[WHAT YOU ARE ASKED TO DO]
Please set down only the lines below starting with the line with "Damen Sportlicher Fleece-Traininganzug" and going on through the line with "Sterling Silver Rose", verbatim and without pictures.

[RECORDS FOR THIS EXERCISE]
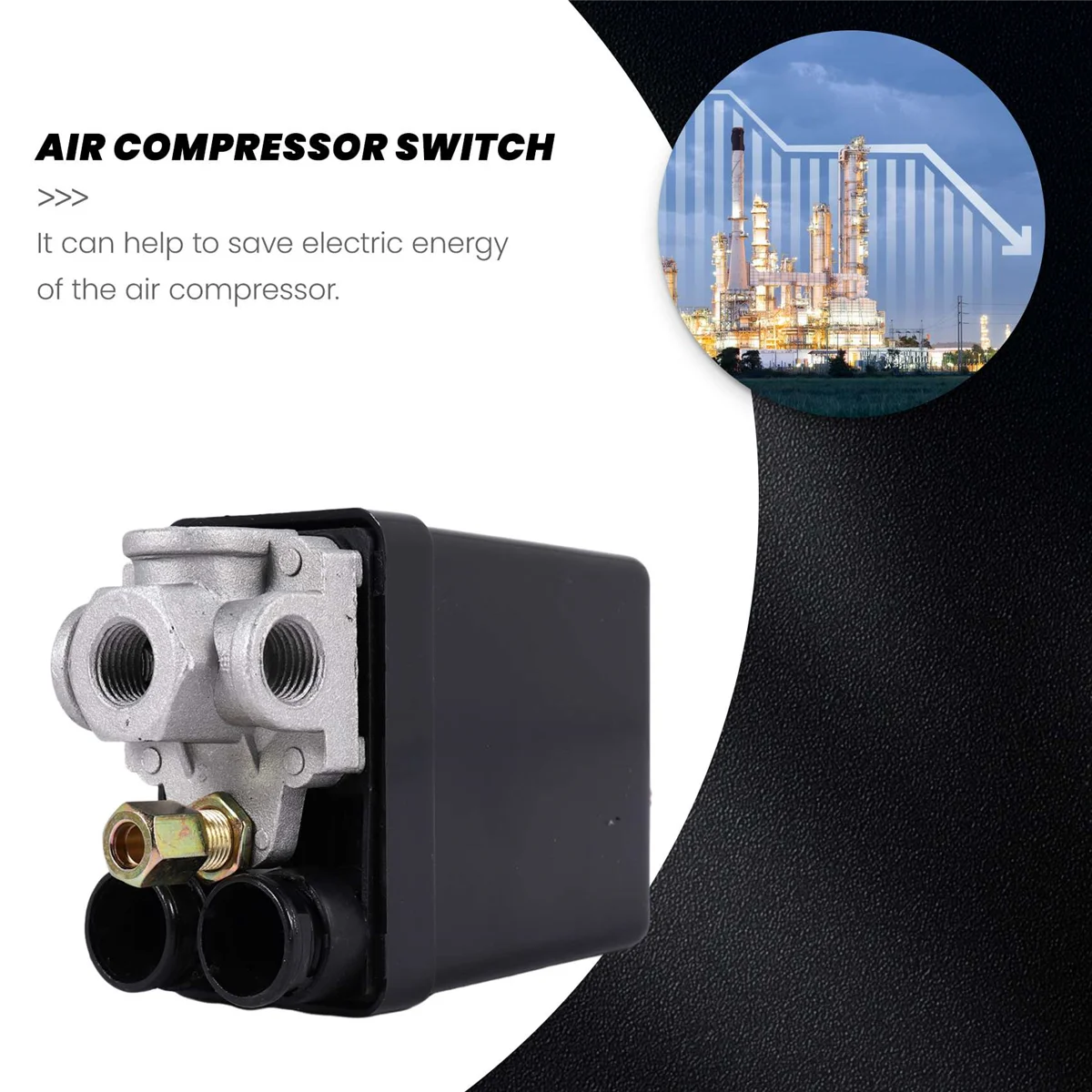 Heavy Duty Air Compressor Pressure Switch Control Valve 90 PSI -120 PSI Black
...
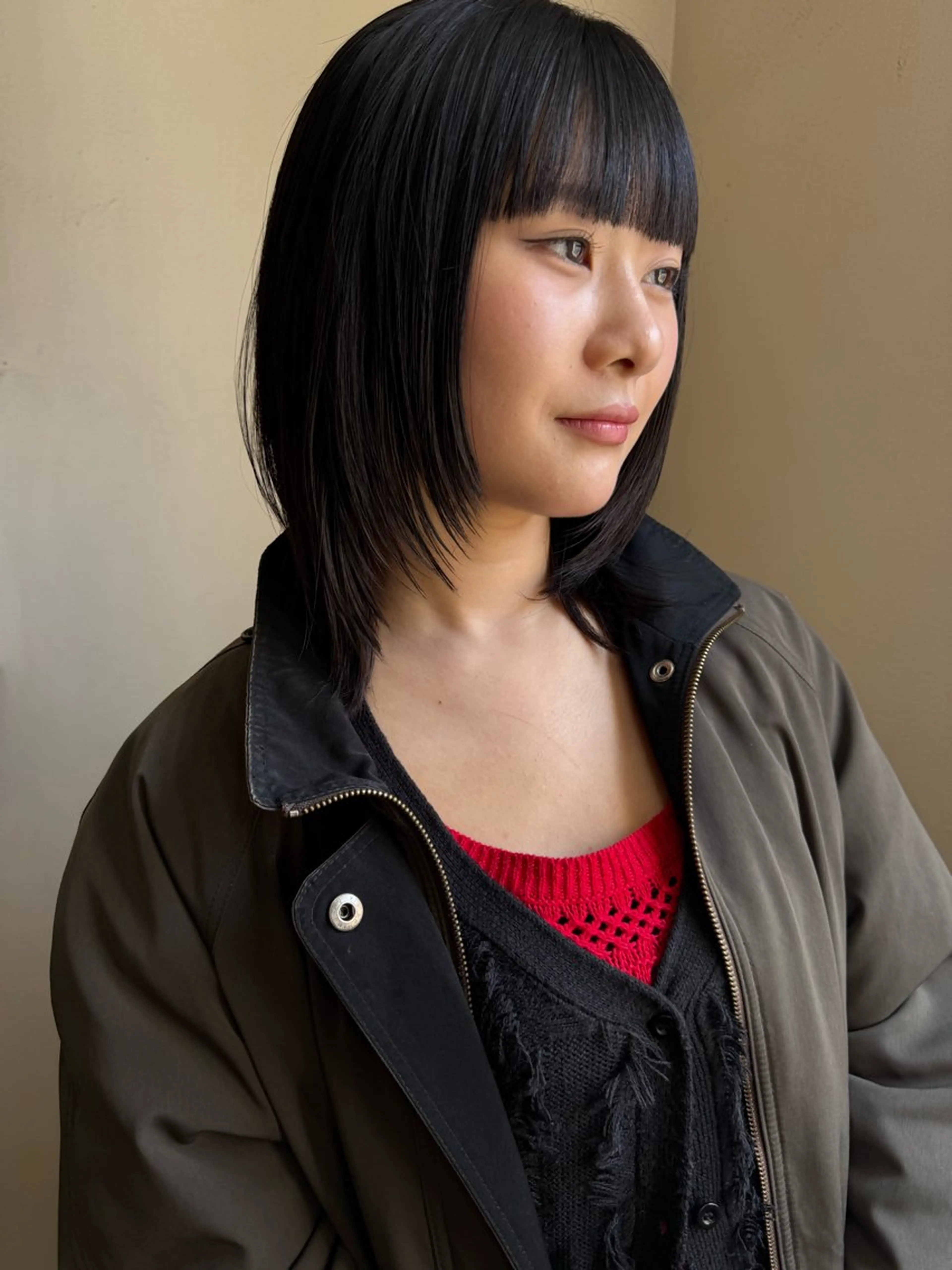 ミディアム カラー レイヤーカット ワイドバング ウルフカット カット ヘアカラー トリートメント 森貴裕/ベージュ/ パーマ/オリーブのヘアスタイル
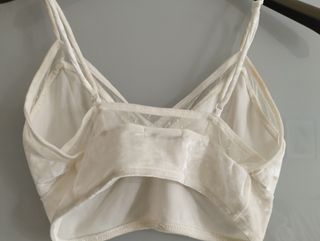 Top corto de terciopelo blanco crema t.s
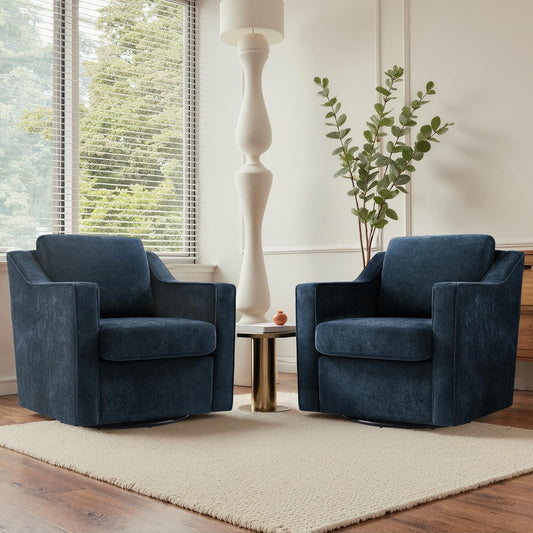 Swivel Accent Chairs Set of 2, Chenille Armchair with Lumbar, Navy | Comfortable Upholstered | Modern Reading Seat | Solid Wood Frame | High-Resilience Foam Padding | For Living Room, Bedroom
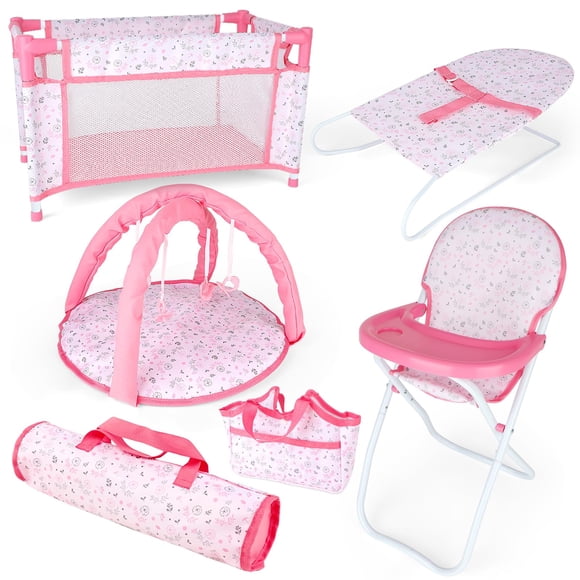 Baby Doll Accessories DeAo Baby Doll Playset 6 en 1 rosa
...
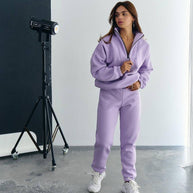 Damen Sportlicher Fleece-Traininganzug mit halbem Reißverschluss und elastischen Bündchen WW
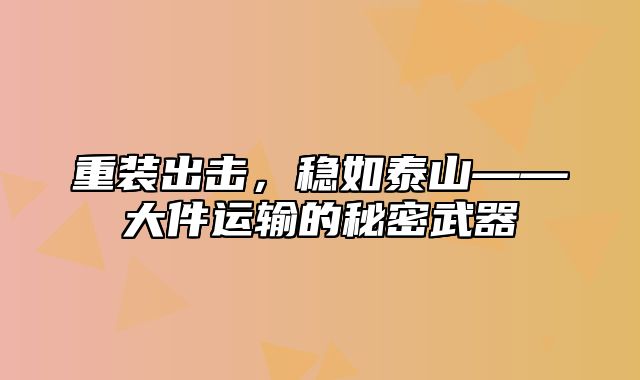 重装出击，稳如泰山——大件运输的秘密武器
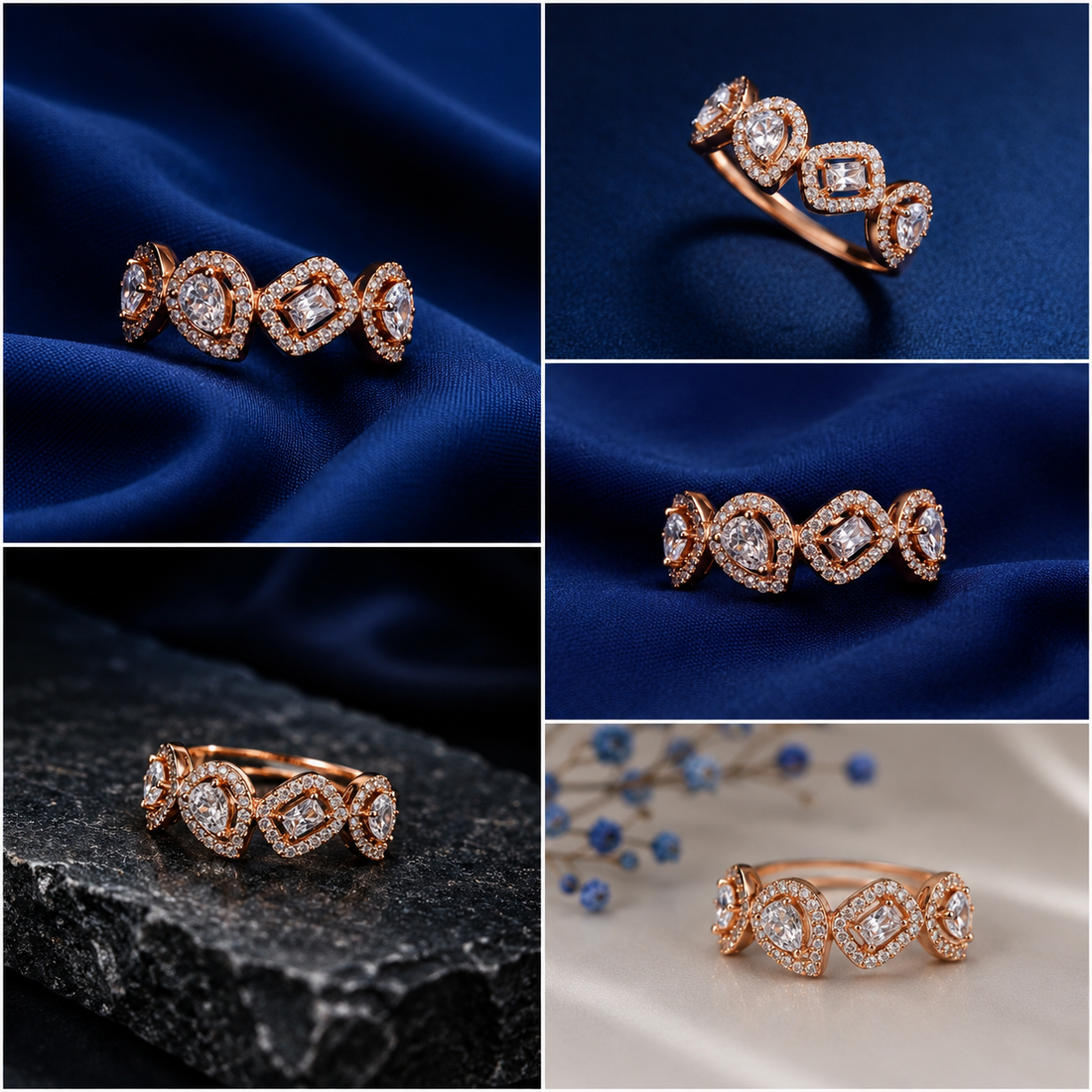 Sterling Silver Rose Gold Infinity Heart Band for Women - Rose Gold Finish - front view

[SOLUTION FOR THIS EXERCISE]
 Damen Sportlicher Fleece-Traininganzug mit halbem Reißverschluss und elastischen Bündchen WW
 重装出击，稳如泰山——大件运输的秘密武器
 Sterling Silver Rose Gold Infinity Heart Band for Women - Rose Gold Finish - front view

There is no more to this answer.